Fearing reprisals against their daughter for her part in the student strike, Johns’s parents sent her to Montgomery, Alabama, where her uncle Vernon was serving as pastor of the Dexter Avenue Baptist Church.
She lived with her uncle’s family while she completed high school and then studied at Spelman College in Atlanta for two years.
In 1954, she married William Rowland Powell, a minister. She moved with him to Philadelphia, where she raised a family of five children and worked for 24 years as a school librarian.
She did not participate in the civil rights movement in Philadelphia or elsewhere and never spoke about her contributions to the movement as a teenager. Her husband and children only became aware of her involvement late in her life, when she was contacted by someone interested in making a film about the Moton student strike.
Barbara Johns Powell died of cancer in Philadelphia in 1991. When her husband retired in 1999 and was packing to move to Virginia, he discovered a manuscript account that she had never finished describing in her own words her decision to organize the student strike.

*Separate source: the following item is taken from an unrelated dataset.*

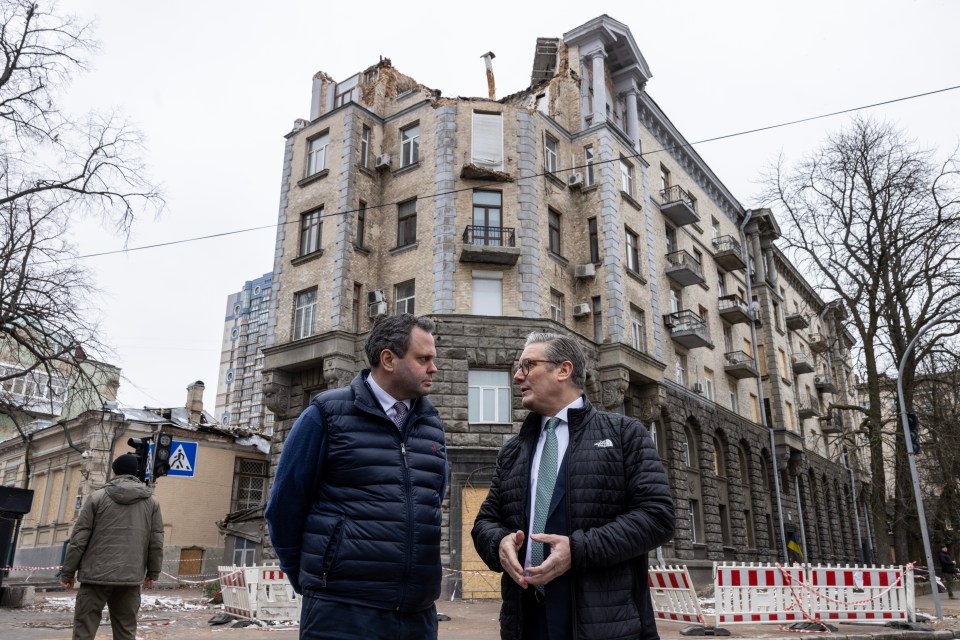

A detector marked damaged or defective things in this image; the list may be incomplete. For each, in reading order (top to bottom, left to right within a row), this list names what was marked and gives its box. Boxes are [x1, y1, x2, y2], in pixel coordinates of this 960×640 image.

In July 2008, the Virginia Civil Rights Memorial honoring the contributions of Barbara Johns and other citizens of Prince Edward County was unveiled in a prominent location in Capitol Square, close to the Executive Mansion.
In 2010, Virginia artist Louis Briel completed a portrait of Johns, which hung for several months in the State Capitol before being permanently installed in the Robert Russa Moten Museum in Farmville.
The portrait is currently on-loan and on display in Virginia’s Executive Mansion following a request by Governor McAuliffe and First Lady Dorothy McAuliffe.